Трактирщик, отбиваясь, выронил канистру, но никак не мог оторвать от себя рассвирепевшего старика. Подбежал Зигис, карауливший в стороне, оттолкнул Якоба от отца. Тот не удержался на протезе, упал на канистру — из нее полилось горючее.

— Дурак ты! — одергивая на себе пиджак, прохрипел трактирщик. — Вышел бы сразу, по-человечески… Твой кобель чуть не весь поселок поднял.

— А может быть, он этого и хотел? — из погреба показался Бруно со второй канистрой. — Выслуживаешься перед ними, старые грехи замаливаешь?

Озолс поднялся с земли, пошел на него, пытаясь ухватиться за банку.

— Поставь на место!

— Отойди! — толкнул плечом Бруно.

— Да не шуми ты… На самом деле, сбегутся люди, тебя же вместе с нами возьмут, — испуганно предупредил Аболтиньш.

Но Озолс уже не владел собой. Он снова набросился на Бруно:

— Отдай канистру! Не знаю я ваших дел и знать не желаю. Уходите.

— Да уйдем, уйдем… Только не ори ты, ради бога, — увещевал трактирщик, помогая Волдису выбраться из погреба с последней банкой.

— Отдай! — теперь Озолс бросился к Волдису и намертво вцепился в него.

Тот на секунду остолбенел, проговорил удивленно:

— Тебе этих канистр жалко? А что они с нами сделали? — И, размахнувшись, со всей силой ударил Якоба в подбородок. Озолс мешком свалился на землю. Аболтиньш зло проговорил:

— Иди спать, старый дурак! И попробуй кому-нибудь пикнуть.
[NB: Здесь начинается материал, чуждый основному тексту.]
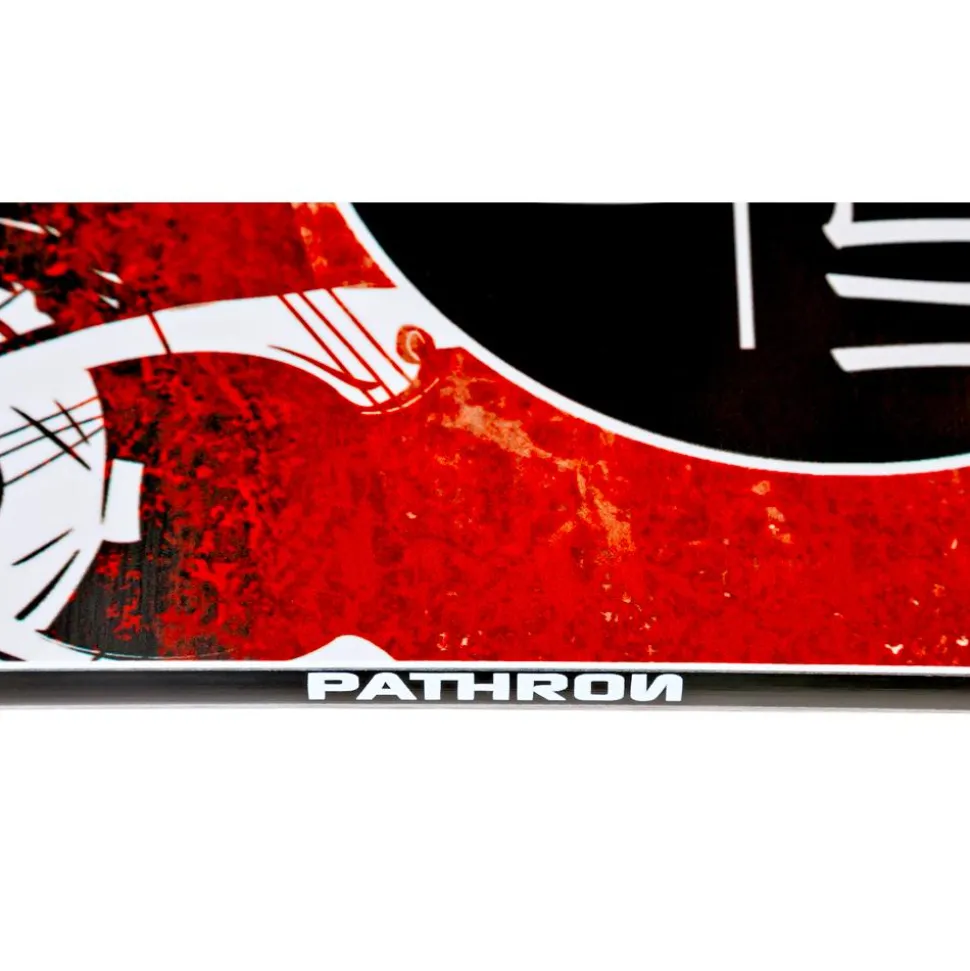 Planche Snowboard Raven Sensei Limited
Все четверо быстро скользнули в темноту. Якоб медленно, со стоном поднялся — рубаха пропиталась бензином. Из разбитой губы сочилась кровь. Но он все-таки встал и, шатаясь, уже ничего не соображая, упрямо поплелся за ними.

Зента затемно возвращалась с кладбища домой. В черном платье, в таком же платке, она медленно брела по берегу моря. В руках у нее была небольшая лейка, из которой она всегда поливала на могиле цветы. С моря налетал слабый ветерок, трепал концы платка, выбившиеся волосы. Вода только чуть поблескивала. На ней темнели, казавшиеся отсюда сверху игрушечными, контуры лодок. Неожиданно над одной из них взметнулось яркое пламя, по воде зазмеились, побежали золотистые блики. Зента замедлила шаг и, пораженная, остановилась. Она невольно вскрикнула — и тут же ладонью зажала рот. Среди отблесков огня, между лодок, метались фигурки людей. Одно за другим вспыхивали суденышки и уже через минуту на берегу пылал гигантский костер.

Все это было настолько неожиданно и жутко, что Зента не смогла даже крикнуть — горло перехватили спазмы. Сама не понимая зачем, она бросилась бежать к зловещему костру. А с другой стороны, от поселка, к пожару спешил Озолс. Увязая в песке протезом, мокрый, с окровавленным ртом, весь перемазанный горючим, он ковылял к берегу и тоже не понимал, зачем это делает. Гонимый предчувствием нависшей над ним беды, ковылял едва не падая — натужный хрип вырывался из горла.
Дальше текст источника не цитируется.